PROBLEM DETAILS:
Look through the records below for the line with "Appartement mansardé de". Return that line and each one after it up to and including the line with "面对指示牌的商人图片素材", exactly.

Caption-style text data
* * *

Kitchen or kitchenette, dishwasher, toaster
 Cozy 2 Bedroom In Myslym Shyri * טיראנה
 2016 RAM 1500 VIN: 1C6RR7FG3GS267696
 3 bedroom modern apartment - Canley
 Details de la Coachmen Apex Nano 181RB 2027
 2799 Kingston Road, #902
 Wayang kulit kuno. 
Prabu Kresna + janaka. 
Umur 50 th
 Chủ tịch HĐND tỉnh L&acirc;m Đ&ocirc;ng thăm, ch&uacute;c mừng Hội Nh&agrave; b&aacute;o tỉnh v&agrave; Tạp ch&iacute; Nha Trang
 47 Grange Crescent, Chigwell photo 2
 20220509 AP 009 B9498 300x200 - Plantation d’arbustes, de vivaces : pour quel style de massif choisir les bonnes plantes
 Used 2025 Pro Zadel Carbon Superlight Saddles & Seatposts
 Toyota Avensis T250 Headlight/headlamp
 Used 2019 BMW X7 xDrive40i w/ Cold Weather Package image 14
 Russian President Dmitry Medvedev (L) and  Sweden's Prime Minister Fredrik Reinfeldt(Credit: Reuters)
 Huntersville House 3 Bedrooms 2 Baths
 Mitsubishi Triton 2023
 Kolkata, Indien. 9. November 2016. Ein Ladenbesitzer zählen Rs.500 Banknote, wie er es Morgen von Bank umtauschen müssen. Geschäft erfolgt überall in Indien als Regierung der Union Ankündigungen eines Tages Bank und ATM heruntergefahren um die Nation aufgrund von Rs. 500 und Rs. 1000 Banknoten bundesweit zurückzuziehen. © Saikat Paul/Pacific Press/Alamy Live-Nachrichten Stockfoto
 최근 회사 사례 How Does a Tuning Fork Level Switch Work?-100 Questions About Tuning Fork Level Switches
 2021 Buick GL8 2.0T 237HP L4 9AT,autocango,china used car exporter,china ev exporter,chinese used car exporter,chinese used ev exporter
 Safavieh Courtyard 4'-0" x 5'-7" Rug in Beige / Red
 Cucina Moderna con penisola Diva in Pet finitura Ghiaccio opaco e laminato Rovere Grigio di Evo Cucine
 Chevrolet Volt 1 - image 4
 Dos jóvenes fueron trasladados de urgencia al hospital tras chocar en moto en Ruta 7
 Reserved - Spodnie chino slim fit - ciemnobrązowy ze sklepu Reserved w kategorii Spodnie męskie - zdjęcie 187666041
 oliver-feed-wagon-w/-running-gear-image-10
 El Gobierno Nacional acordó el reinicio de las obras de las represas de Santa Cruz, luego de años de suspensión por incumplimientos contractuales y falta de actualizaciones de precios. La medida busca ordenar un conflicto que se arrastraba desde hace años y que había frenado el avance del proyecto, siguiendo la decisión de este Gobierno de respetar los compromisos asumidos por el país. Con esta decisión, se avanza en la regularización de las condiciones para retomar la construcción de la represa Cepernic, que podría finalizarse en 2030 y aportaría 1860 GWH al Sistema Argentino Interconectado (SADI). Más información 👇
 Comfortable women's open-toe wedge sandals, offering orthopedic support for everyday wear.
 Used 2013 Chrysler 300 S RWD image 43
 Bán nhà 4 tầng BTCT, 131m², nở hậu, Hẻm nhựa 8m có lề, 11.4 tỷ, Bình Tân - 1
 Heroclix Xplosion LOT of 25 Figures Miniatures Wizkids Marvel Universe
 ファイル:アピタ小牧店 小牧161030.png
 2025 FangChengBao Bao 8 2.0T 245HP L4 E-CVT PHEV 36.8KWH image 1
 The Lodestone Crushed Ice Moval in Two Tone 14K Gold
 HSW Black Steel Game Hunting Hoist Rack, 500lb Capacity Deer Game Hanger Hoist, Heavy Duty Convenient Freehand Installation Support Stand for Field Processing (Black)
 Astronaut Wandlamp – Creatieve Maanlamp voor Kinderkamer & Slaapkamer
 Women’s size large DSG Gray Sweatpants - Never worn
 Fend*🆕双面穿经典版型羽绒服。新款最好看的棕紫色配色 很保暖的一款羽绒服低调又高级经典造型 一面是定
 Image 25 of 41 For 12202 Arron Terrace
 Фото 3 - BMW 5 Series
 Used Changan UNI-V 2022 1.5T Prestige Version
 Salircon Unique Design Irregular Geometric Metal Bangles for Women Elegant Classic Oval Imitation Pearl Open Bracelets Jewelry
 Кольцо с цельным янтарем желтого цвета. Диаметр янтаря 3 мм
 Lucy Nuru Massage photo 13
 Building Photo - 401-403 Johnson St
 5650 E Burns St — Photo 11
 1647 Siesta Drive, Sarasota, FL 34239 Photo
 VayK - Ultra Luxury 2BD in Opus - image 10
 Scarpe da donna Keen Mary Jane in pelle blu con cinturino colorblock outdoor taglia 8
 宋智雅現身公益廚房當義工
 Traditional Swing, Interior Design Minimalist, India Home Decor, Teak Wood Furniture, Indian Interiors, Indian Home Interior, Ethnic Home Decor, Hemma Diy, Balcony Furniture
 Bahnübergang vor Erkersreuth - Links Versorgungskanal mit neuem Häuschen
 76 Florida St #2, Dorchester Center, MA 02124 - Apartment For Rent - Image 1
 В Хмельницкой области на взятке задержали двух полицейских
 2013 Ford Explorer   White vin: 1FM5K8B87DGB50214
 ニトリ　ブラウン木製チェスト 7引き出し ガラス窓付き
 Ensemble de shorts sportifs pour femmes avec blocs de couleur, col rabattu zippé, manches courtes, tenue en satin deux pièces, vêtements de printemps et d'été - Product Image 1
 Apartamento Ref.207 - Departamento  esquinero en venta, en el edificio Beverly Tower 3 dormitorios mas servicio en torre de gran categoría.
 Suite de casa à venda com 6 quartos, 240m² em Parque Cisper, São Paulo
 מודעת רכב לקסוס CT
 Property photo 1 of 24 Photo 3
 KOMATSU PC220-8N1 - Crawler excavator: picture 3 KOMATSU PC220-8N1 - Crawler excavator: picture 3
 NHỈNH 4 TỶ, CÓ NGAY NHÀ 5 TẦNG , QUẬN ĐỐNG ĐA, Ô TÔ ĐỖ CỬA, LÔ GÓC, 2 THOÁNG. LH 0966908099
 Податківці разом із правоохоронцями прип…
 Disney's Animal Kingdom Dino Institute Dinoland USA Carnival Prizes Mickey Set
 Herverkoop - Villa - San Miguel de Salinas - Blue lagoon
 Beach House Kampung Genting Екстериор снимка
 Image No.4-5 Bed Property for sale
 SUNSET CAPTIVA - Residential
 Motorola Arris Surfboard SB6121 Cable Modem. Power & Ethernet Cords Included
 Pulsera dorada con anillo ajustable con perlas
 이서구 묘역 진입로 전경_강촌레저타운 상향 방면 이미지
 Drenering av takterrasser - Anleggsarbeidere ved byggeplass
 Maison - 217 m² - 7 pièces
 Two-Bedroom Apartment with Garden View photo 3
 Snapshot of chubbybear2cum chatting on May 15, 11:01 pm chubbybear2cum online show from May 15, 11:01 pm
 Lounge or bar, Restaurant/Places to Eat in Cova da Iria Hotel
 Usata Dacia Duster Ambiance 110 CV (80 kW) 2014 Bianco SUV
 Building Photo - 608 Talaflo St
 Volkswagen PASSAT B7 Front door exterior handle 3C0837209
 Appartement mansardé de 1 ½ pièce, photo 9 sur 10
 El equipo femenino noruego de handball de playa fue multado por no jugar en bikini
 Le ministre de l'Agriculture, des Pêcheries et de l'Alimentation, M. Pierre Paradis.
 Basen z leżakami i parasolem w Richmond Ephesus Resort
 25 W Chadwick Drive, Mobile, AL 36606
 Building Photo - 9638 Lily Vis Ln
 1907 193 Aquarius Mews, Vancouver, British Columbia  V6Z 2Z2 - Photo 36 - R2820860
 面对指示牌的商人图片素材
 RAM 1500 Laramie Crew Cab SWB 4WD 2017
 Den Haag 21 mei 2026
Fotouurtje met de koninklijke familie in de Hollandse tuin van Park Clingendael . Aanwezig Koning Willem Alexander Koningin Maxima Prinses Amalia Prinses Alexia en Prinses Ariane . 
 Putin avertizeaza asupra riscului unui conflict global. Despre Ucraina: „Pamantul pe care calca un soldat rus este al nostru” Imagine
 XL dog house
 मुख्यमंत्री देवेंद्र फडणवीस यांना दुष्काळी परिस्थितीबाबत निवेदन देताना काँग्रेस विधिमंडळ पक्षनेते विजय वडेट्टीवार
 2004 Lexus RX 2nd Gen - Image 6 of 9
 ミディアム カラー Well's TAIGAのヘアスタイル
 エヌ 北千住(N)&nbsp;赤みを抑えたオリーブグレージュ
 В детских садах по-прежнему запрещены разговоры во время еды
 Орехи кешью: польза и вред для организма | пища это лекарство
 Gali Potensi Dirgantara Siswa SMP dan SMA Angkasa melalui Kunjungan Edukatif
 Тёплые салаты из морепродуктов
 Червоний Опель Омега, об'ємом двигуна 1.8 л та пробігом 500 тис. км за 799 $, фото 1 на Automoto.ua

* * *

ANSWER SPACE:
 Appartement mansardé de 1 ½ pièce, photo 9 sur 10
 El equipo femenino noruego de handball de playa fue multado por no jugar en bikini
 Le ministre de l'Agriculture, des Pêcheries et de l'Alimentation, M. Pierre Paradis.
 Basen z leżakami i parasolem w Richmond Ephesus Resort
 25 W Chadwick Drive, Mobile, AL 36606
 Building Photo - 9638 Lily Vis Ln
 1907 193 Aquarius Mews, Vancouver, British Columbia  V6Z 2Z2 - Photo 36 - R2820860
 面对指示牌的商人图片素材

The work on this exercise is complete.